Caldwell joined Lee's Summit West teammates Monte Harrison and Logan Cheadle in listening to the newest member of the Kansas State coaching staff, wide receivers coach Andre Coleman. A former Kansas State receiver, Coleman played five years in the NFL with the San Diego Chargers, Seattle Seahawks and Pittsburgh Steelers. He also played in Super Bowl XXIX, where he returned a kickoff 98 yards for a touchdown against the San Francisco 49ers.

“He talked to us, and he knows my mom and aunt, so he welcomed me there,” Caldwell said of Coleman. “He was telling me even though my team didn’t do that well to keep doing my thing.”

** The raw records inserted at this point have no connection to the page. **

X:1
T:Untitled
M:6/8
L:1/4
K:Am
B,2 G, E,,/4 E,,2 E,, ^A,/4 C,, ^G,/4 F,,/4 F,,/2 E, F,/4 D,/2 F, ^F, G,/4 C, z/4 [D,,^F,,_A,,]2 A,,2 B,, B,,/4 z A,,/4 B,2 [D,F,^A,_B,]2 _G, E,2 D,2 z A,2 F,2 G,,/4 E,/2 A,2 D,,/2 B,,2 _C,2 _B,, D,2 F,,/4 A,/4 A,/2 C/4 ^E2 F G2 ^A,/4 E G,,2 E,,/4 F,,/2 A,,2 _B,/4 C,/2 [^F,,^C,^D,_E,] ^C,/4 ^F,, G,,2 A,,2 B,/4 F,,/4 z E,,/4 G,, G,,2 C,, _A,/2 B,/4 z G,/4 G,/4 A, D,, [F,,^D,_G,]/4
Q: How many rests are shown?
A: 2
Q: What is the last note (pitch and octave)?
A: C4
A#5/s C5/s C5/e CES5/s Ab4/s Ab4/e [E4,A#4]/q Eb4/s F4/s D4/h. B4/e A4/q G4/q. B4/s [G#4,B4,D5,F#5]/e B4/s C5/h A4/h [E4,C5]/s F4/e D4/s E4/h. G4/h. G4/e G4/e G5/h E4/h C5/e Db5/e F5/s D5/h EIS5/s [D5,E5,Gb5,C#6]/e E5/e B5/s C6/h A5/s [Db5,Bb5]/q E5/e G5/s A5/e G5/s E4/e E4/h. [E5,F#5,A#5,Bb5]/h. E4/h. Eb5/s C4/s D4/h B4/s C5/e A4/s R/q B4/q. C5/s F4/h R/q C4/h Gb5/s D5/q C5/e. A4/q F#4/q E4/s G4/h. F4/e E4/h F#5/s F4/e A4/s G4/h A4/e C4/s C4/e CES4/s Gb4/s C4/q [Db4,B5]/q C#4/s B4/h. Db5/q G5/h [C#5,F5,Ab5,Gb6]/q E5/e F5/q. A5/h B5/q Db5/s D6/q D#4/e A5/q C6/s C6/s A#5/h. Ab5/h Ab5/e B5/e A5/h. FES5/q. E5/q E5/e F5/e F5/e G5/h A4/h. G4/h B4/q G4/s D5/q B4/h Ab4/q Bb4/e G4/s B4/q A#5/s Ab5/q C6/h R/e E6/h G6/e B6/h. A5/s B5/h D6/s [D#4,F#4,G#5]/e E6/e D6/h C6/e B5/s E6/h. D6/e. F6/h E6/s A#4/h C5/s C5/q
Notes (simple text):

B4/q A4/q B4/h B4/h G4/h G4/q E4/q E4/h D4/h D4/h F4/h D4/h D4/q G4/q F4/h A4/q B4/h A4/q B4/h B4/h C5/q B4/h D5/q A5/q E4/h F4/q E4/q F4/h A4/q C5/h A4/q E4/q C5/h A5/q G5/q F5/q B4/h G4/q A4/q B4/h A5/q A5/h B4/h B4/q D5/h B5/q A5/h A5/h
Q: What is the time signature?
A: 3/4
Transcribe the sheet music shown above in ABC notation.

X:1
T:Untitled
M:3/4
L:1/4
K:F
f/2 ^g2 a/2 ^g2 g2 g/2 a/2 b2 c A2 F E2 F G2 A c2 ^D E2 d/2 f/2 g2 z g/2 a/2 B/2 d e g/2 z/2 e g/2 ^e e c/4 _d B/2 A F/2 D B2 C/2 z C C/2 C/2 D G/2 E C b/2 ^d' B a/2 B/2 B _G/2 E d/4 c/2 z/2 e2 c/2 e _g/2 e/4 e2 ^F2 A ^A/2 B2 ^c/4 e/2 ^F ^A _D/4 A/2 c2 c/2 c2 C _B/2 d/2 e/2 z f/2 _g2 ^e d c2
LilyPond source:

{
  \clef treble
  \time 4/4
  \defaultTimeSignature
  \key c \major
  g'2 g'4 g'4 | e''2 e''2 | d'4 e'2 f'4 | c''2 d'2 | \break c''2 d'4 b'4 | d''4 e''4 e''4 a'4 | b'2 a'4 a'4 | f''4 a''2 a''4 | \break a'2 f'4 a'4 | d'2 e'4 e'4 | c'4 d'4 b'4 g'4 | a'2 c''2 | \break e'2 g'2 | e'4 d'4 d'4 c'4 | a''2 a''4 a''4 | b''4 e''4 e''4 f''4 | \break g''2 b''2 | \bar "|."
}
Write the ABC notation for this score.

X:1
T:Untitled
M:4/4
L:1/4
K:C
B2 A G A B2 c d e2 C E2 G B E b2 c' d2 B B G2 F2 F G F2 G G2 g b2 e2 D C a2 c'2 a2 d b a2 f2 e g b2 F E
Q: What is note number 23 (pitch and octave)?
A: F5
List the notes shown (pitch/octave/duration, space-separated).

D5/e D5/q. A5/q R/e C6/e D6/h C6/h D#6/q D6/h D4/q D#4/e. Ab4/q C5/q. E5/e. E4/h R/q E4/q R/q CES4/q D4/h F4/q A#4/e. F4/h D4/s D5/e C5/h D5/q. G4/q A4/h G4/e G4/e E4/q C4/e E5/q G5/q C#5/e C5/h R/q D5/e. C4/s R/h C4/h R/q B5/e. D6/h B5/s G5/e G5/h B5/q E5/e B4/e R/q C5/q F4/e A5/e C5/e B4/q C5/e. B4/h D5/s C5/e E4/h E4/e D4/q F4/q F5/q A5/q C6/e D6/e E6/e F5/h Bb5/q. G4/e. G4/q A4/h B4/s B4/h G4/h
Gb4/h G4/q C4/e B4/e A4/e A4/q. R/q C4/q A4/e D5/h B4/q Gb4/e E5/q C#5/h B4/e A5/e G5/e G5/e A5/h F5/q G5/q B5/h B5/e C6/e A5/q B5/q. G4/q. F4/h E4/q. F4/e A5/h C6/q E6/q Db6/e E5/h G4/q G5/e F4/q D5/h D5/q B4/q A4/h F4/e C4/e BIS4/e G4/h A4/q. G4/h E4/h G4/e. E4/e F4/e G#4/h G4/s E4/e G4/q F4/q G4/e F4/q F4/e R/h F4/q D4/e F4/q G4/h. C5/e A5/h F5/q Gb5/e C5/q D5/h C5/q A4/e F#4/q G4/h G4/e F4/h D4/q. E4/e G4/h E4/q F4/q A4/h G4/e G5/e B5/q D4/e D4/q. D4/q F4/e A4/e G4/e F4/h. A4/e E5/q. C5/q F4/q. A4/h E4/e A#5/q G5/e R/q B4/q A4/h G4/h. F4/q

Caldwell played for a Lee’s Summit North team that only won one game during the 2012 season, which seemed to overshadow what he did on the field. He rushed for 986 yards and eight touchdowns and averaged almost six yards per carry. He had decent numbers for someone who only carried the ball more than 17 times in a game twice during the season.

In fact, Caldwell, a two-year varsity starter, is looking to make history as a senior. He needs 16 touchdowns to take the Lee’s Summit North career rushing touchdowns record away from Kegan Coleman (1998-99).

“I’m trying to break a lot of records,” Coleman said. “But mostly, I just want to win some key games.”